I have now configured many SharePoint Management Agents, and initially I had severe problems finding out which attributes to populate with what. Here is the lessons I learned during this investigation.
During configuration of the Management Agent, you are requested to input Application ID. I have never used it, and i guess it is used when you have multiple User Profile Service Applications.
Do not bother with anchors. Instead just provision a connector space object and let it get the default anchor. You will never see the anchor anywhere except in FIM and internally in the SharePoint databases.
Manager attribute populating bug
There is a bug in SharePoint, where the manager attribute won’t be populated in the User Profile Service, even though you are flowing it with FIM. The reason is that the timer job “User Profile Service Application – User Profile ActiveDirectory Import Job” is not created if you configure “Enable External Identity Manager” directly. Instead, you have to first choose “Use SharePoint Active Directory Import” on the “Configure Synchronization Settings”, and let this job be created (takes 15 minutes), then switch to “Enable External Identity Manager”.
It is not supported to run multiple SharePoint MAs simultaneously. Not sure why, but a little bit of code snooping shows this is true.
Pictures can be a bit difficult, especially when trying with limited permissions. First of all, if you use fiddler the attribute is actually called “PictureURL”. Also, technically it seems as though what actually happens when you use this connector and export a picture, you transfer the binary data (as base64 ofc) out in “PictureURL / Picture” and the API you talk to uploads these data as an original to your mysite, at the location “http://mysitehost.goodworkaround.com/User photos”. And then it stores the url of the picture in the User Profile Service.
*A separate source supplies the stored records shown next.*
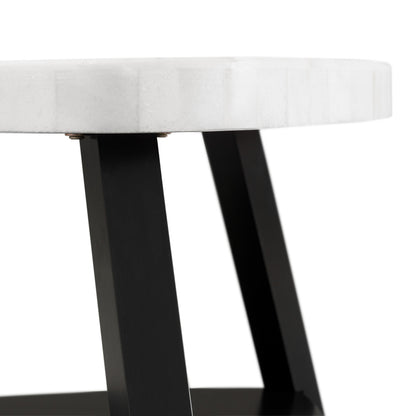 Picket House Furnishings - Raine Coffee Table - CTN100CT view 4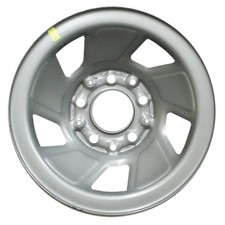 03026 refinished ford for sale  USA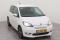 preview Skoda Citigo #2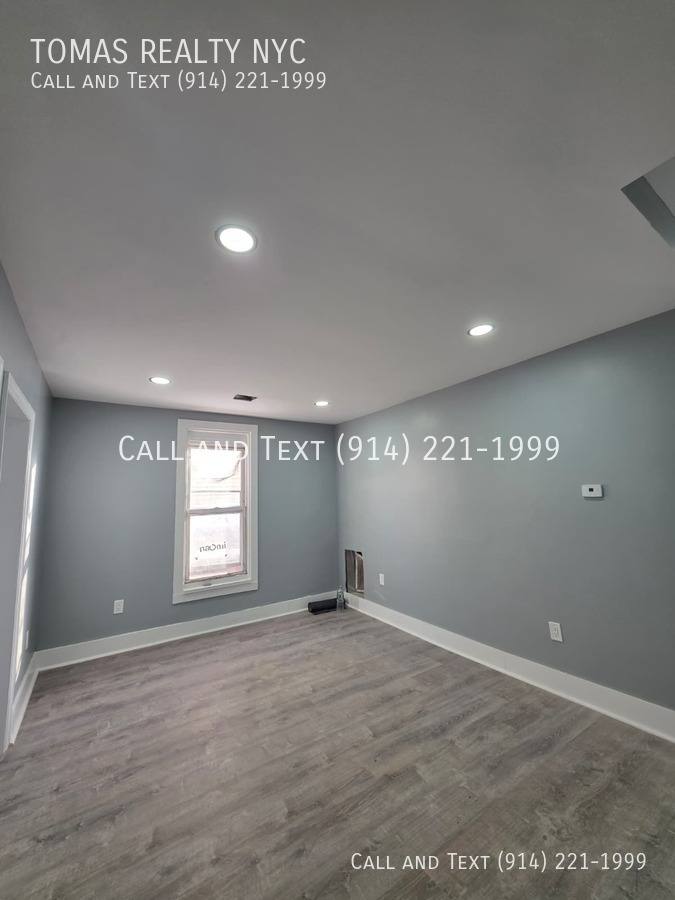Apartment for rent at 243 Woodworth Ave, Yonkers, NY 10701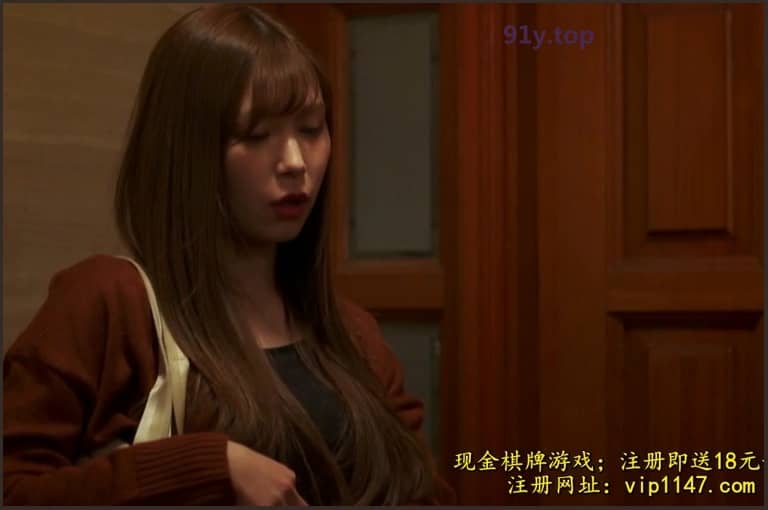 SHKD-857的图片 第3张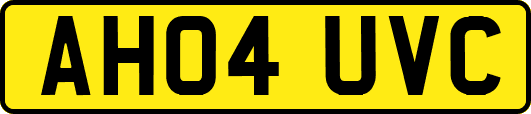 AH04UVC
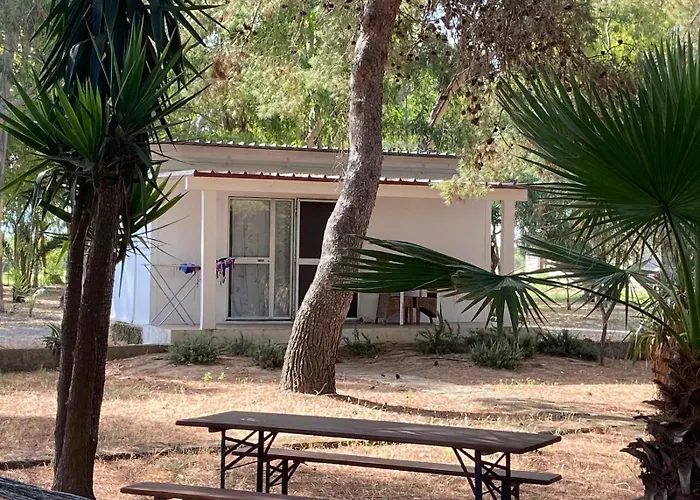 Residence Sa Pintadera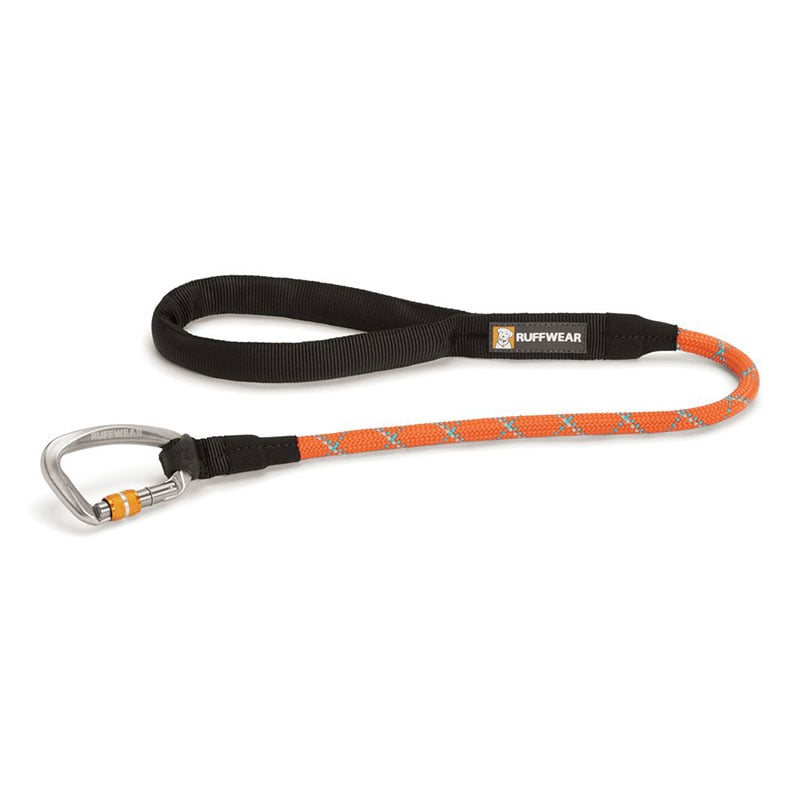 Knot-a-Long Leash - Extreme Outfitters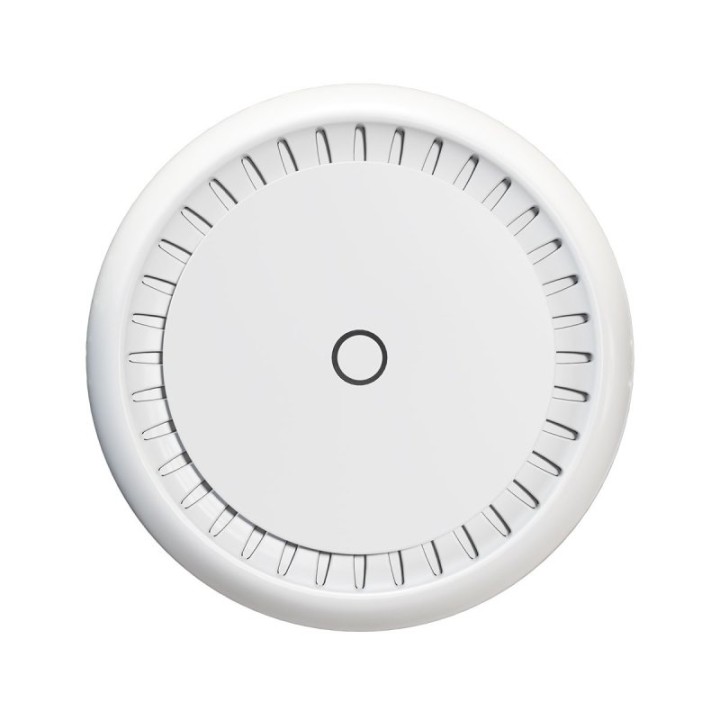 Access Point Mikrotik Cap Xl Ac Rbcapgi-5acd2nd-xl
First of all, the MySite host MUST BE IN THE SAME FARM. It is not possible to have pictures uploaded to a separate SharePoint farm. Second, there is a requirement for permissions on the mysitehost. You can grant these permissions with the following cmdlet:
$w = Get-SPWebApplication -Identity http://mysitehost.goodworkaround.com
If you do not give this permissions, FIM will not get any error message from SharePoint saying “sorry, we could not store this picture”. It will simply be “ok” even though the picture was not saved.
Also, as you can see in this TechNet article you need to run a cmdlet to actually generate the thumbnail photos.
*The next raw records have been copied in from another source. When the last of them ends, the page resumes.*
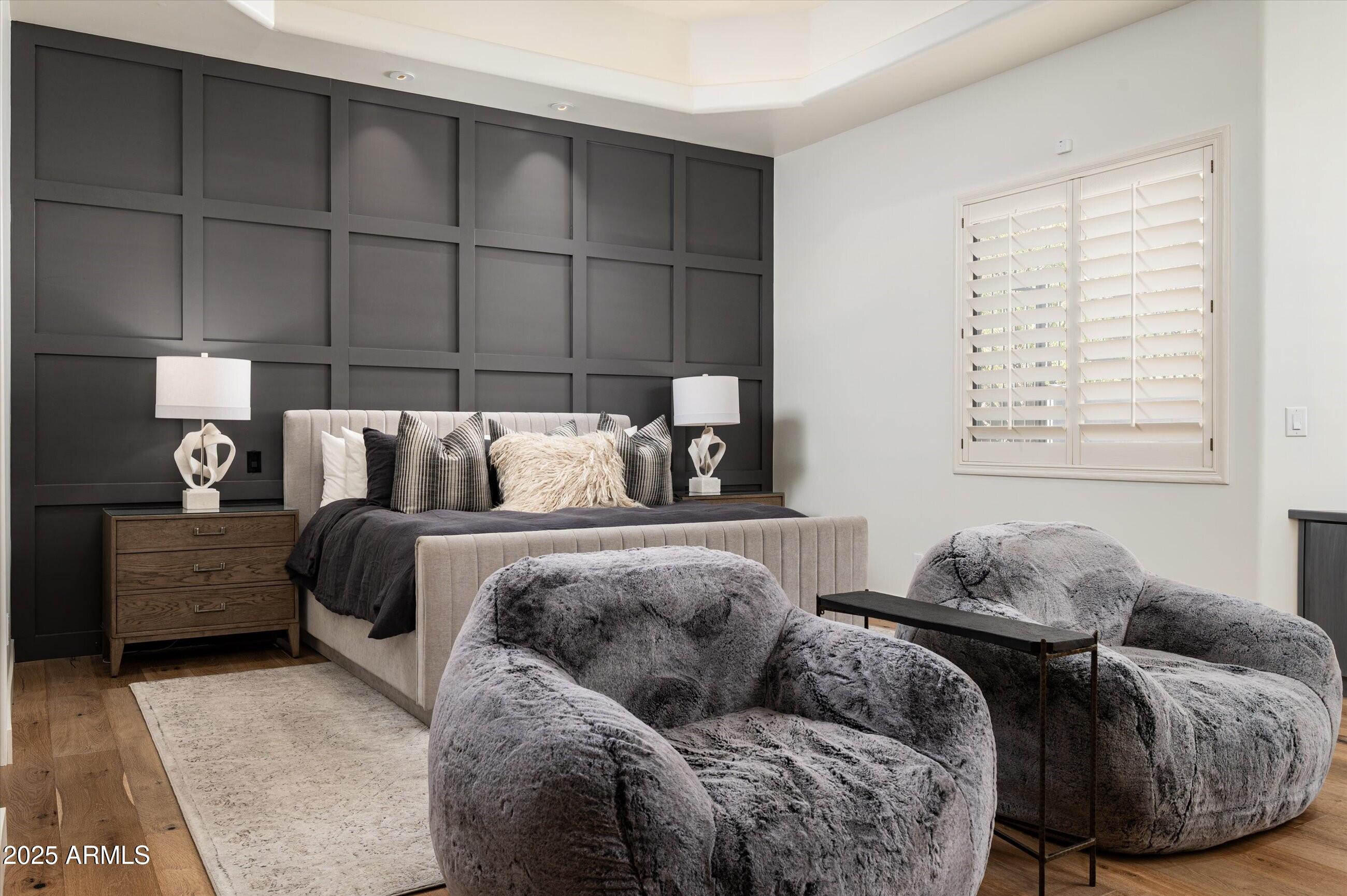 Scottsdale, Arizona, 85255, United States, 4 Bedrooms Bedrooms, ,4 BathroomsBathrooms,Residential,Active,2017079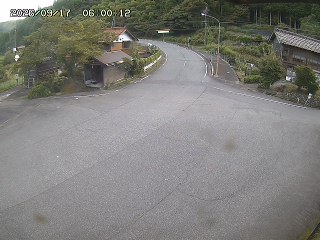 国府町大石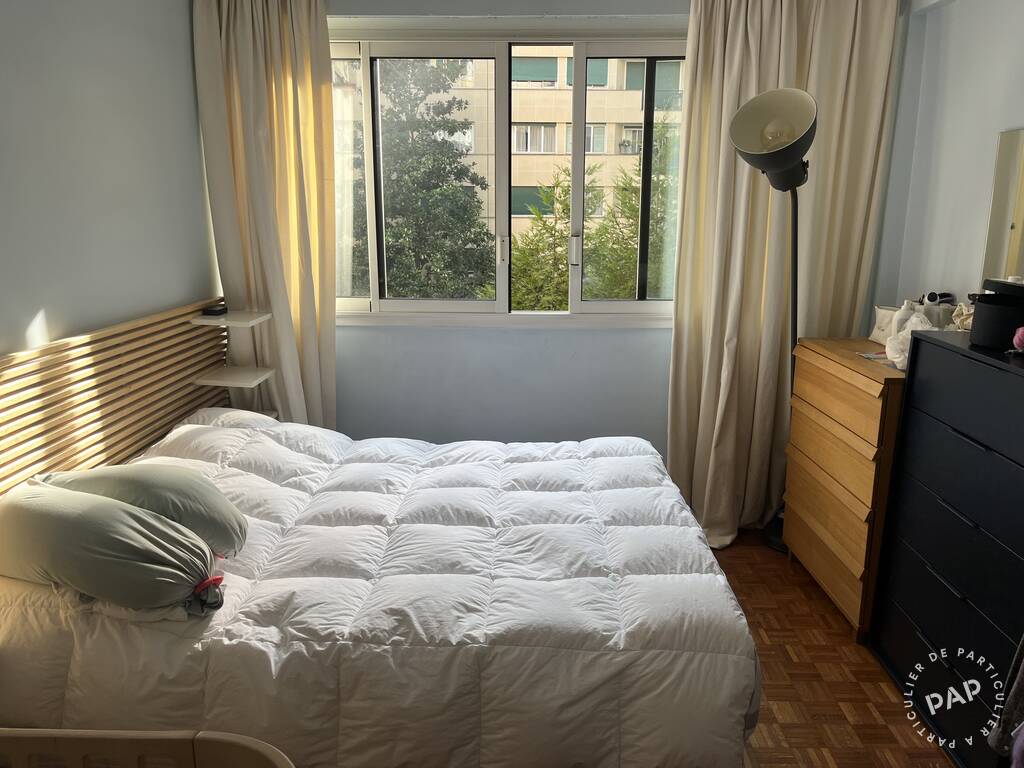 d&eacute;couvrez des id&eacute;es &eacute;l&eacute;gantes et inspirantes pour am&eacute;nager une chambre parentale dans le 17e arrondissement. conseils d&eacute;co, optimisation de l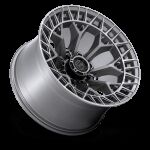 WLPFUEFUEL-FC873AX-CHARGER-8-20x9-8-ET1-PLATINUM-A2-png.png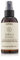 Aveda Chakra 4 Balancing Body Mist 100 Ml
To configure ADFS authentication the following attributes needs to be flowed from FIM to SharePoint:
|SPS-ClaimProviderID||Name of the trusted identity provider in SP (case sensitive): “SAML Users”|
|SPS-ClaimID||Unique identifier – mail, userPrincipalname, employeeID etc. Must be what comes in the nameidentifier claim from ADFS|
|SID||Do not flow anything|
|ProfileIdentifier||someprefix:unique – where “unique” is the same as SPS-ClaimID (not required, but make it unique)|
|UserName||Do not flow anything|
|AccountName||Do not flow anything|
|AccountName||no flow – SharePoint will automatically populate this with something like “i:0\.t|SAML Usersemail@example.com“|
To configure Windows authentication the following attributes needs to be flowed from FIM to SharePoint:
|SID||ObjectSID from Active Directory|
|ProfileIdentifier||DOMAIN\sAMAccountName from Active Directory|
|UserName||sAMAccountName from Active Directory|
|AccountName||Do not flow anything|
|SID||– binary data –|
That’s, hope it saves you some time.